Restoring from backup ...
2020-03-06T07:28:31.299-0800 W NETWORK [thread1] Failed to connect to 127.0.0.1:27017, in(checking socket for error after poll), reason: Connection refused
2020-03-06T07:28:31.299-0800 E QUERY [thread1] Error: couldn't connect to server 127.0.0.1:27017, connection attempt failed :
connect@src/mongo/shell/mongo.js:251:13
@(connect):1:21
exception: connect failed
Cleaning up ...
rm: cannot remove '/var/lib/mongodb/data/journal': Directory not empty
[!!ERROR!!] - Backup verification failed: /backups/daily/2020-03-06/identity-kit-db-bc-identity_kit_db_2020-03-06_01-00-00.sql.gz
The following issues were encountered during backup verification;
Restoring '/backups/daily/2020-03-06/identity-kit-db-bc-identity_kit_db_2020-03-06_01-00-00.sql.gz' to '127.0.0.1/identity_kit_db' ...

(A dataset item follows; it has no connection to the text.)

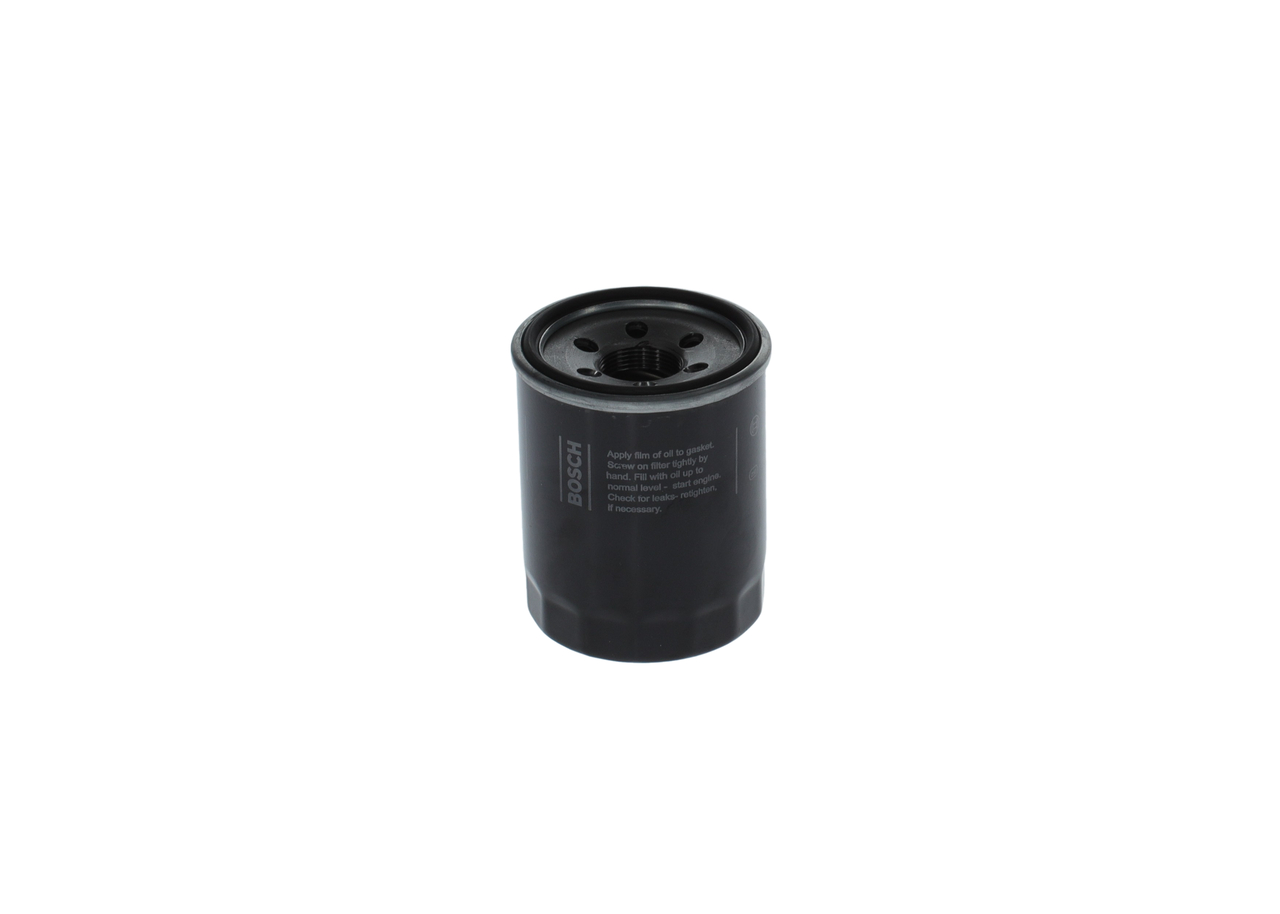 BOSCH Ölfilter f026407311 Anschraubfilter 101mm GewindemaßM 26 x 1,5 für ISUZU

2020-03-06T07:28:30.785-0800 Failed: error connecting to db server: no reachable servers
Restore failed.
Elapsed time: 0h:0m:16s - Status Code: 1
Configure the backup-container
to use best effort resource allocation. This IS the default for the supplied deployment configuration template; backup-deploy.json
Best effort resource allocation can only be set using a template or by directly editing the DC's yaml file.
The resources section in the containers template in the resulting DC looks like this:
apiVersion: apps.openshift.io/v1
kind: DeploymentConfig
...
spec:
...
template:
...
spec:
containers:
...
resources:
limits:
cpu: '0'
memory: '0'
requests:
cpu: '0'
memory: '0'
...